Why use AAD as IdP via AD FS RP
In my previous post I showed to you how easy it is to configure Azure AD to act as Identity Provider to Relying Party applications via AD FS. There were questions about ability to configure applications directly with AAD. If it is possible and if it is, then why would anyone want to use AD FS in the middle. The answer is yes, of course it is possible to configure applications to work directly with AAD, in fact most of the AAD online documentation provides examples on how to do that. The second part of this, ok, since we can configure apps to work directly with AAD, why put AD FS in the middle? The simple fact is that not all applications will be configured directly with AAD, and there are a lot of applications that are already configured in some type of federated topology. Lets take a look at the following diagram, here we have hub/spoke environment with a few Identity Providers, central hub and a few applications. Users at each IdP are able to use applications via the central hub. The fact of the matter here is that those IdPs can be any compatible Security Token Service and those IdPs do not care how other IdP are configured. As long as IdP-HUB RP relationship is working, users will be able to access target applications.

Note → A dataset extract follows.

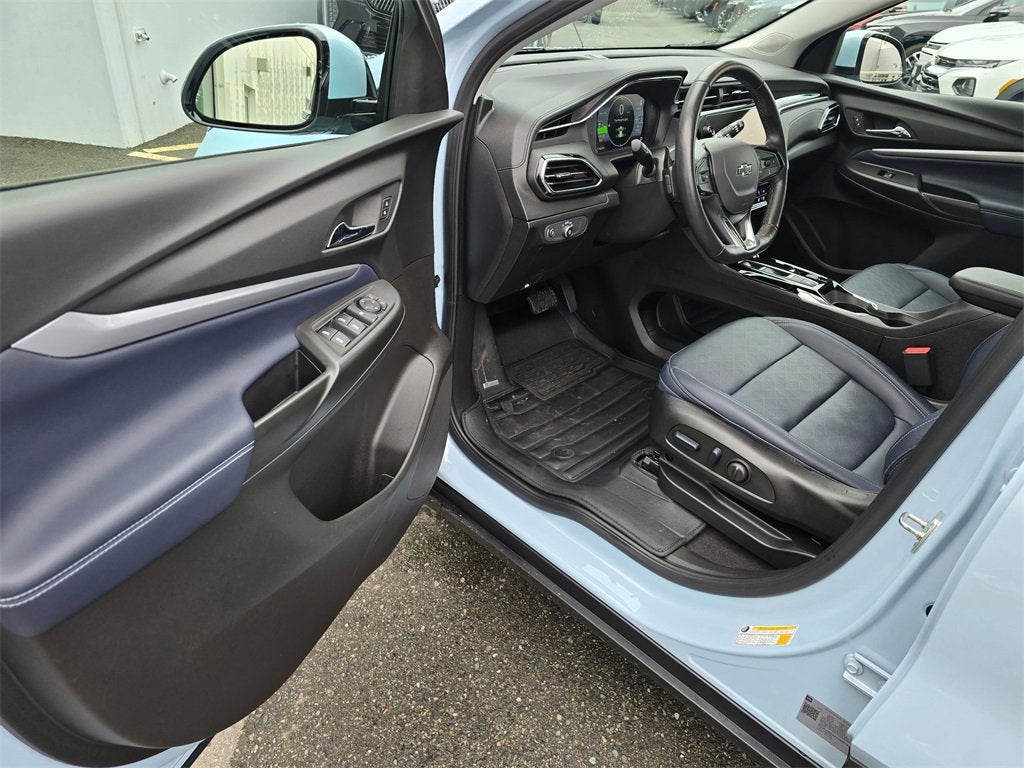 2023 Chevrolet Bolt EUV LT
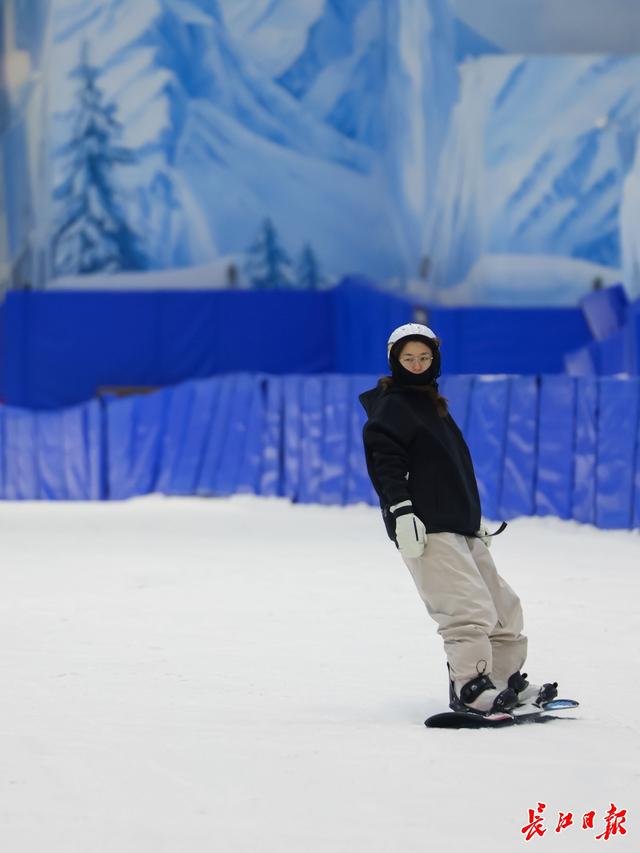 “知音湖北·超级文旅日”掀起冬日热浪，市中心推门见雪引领微度假新风尚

This design accommodates requirement to add any number of new Identity Providers and get them to access target applications. So if we have a new customer who uses AAD as their primary user directory and they need to get access to some existing apps, the primary solution would be to configure AAD as another IdP against our hub RP AD FS. Now users in AAD will be able to gain access to the applications. Hub RP claim rules can even transform incoming assertions from one claim type to another, to whatever is required by the target application.